Giletti affonda e lo dice espressamente: “Sembra il mercato delle vacche, con Pignatone che è successo e l’incontro con l’onorevole Lotti? ” e Palamara risponde: “Non risponde a verità. Nessun suk delle nomine o mercato. E’ stato il carrierismo sfrenato a portare a questa situazione. Oggi devo essere io a giustificare le 1000 nomine però se avessero messo il trojan ai miei colleghi avrebbero trovato gli stessi accordi fisiologici. Lotti era inquisito? Non posso entrare nel merito di alcuni colloqui a causa dei procedimenti disciplinari a mio carico.  Io ho commesso un doppio errore di sottovalutazione: non sapevo che vestivo i panni dell’indagato e non avevo valutato bene il ruolo di Lotti alla Procura di Roma credendo fosse già finita. Se mi sentivo onnipotente? No, la mia attività era finalizzata a rappresentare le esigenze dei colleghi. La rottura con il giudice Pignatone? Per me era un punto di riferimento, ma ci sono state situazioni sulla mia persona che mi hanno amareggiato e mi sono allontanato”.

Luca Palamara respinge anche l’accusa di essere il grande nemico di Di Matteo: “Smentisco categoricamente di essere un suo nemico e la sua promozione mancata nel 2016 è stata un aspetto deteriore del correntismo. Io l’ho sostenuto quando si è presentato alle elezioni con la corrente Unicost a Palermo. Non l’ho fatto fuori io, c’erano tre posti e ogni corrente del CSM scelse il suo candidato, i nomi furono ratificati dal plenum, non da Luca Palamara. Però ho trovato eccessivo che Di Matteo abbia detto che usiamo metodi mafiosi”.

L’intervista non poteva tralasciare le 60.000 pagine di trascrizione delle chat in cui tra l’altro Palamara scrive: “Anche se ha ragione, Salvini va fermato” nelle risposte il magistrato non è molto convincente: “Quando comunicavo lo facevo in base all’art.11 della Costituzione cioè pensando che fossero telefonate private, ma ci sono situazioni, come in questo caso, in cui un giudizio espresso in maniera frettolosa o sintetica o errata diventa di dominio pubblico. Ora riconosco che era sbagliato, non rispecchiava il mio pensiero. Anche quelle su Salvini, l’espressione sintetizzava in maniera frettolosa un ragionamento. Quando l’intercettazione viene fuori è decontestualizzata. Nella comunicazione stringata si tende a strozzare i concetti. In effetti l’immigrazione è un tema sensibile all’interno della magistratura, c’è un attento dibattito politico. Il senso della frase era che i magistrati andavano tutelati comunque, la magistratura faceva quadrato intorno a se stessa, non c’era l’intento di offendere Salvini. Sa Giletti, la politica delega ampi settori alla magistratura pensando di risolvere i problemi, ma non è così”.
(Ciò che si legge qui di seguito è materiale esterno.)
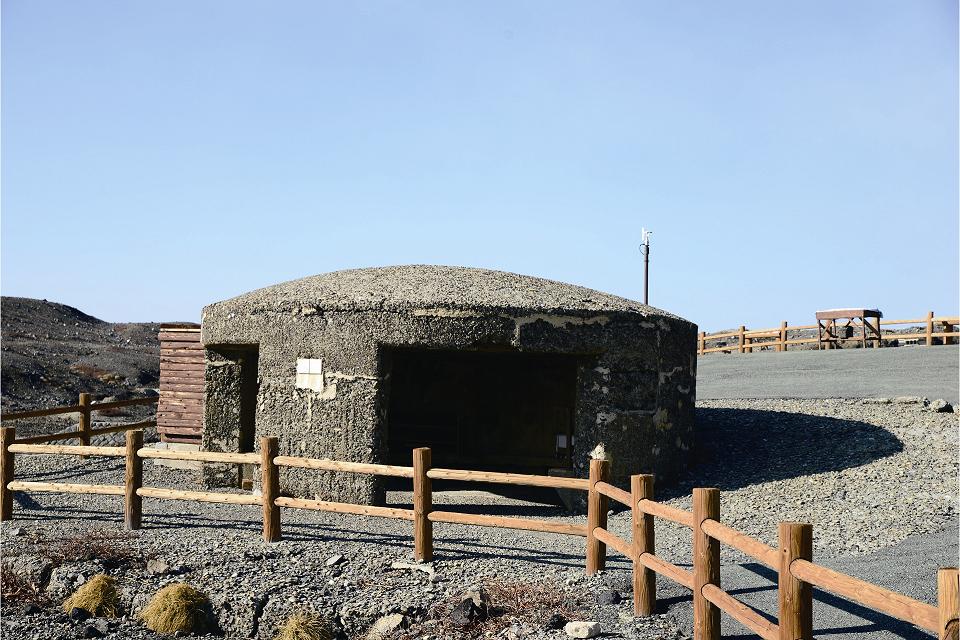 火山口附近建有避難碉堡,以應付突然噴發的狀況/卡芙卡攝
Palamara non sta sulle sue in merito alle scelte formulate per la nomina di Basentini al DAP al posto di Di Matteo, mentre sulla frase del giudice Davigo a “Piazza Pulita” (“non ci sono intercettazioni che mi riguardano pur essendo stato in macchina con Palamara”), il pm è laconico: “Non posso parlare di quello che potrebbe essere il mio giudice disciplinare, posso solo confermare che eravamo insieme a quel convegno e io mi offrì di dargli un passaggio. Perché il trojan nel mio telefono non ha funzionato? Non rispondo”.

Come in tutte le storie non poteva mancare il gossip i vip intercettati e Raul Bova, continua ad aggiungere poco: “Io ero convinto di non aver mai commesso fatti illeciti e di non aver mai preso 40.000 euro per una nomina, non sapevo di essere un indagato. Chi ha attivato il distanziamento sociale si è salvato dal trojan, chi è rimasto vicino è finito nelle intercettazioni”.

Per il Presidente della Repubblica Mattarella sarà un dopo Festa della Repubblica irto è difficile nella speranza che il Paese e la Sua componente più garantista trovi quella strada per far si che la “Legge è uguale per tutti”.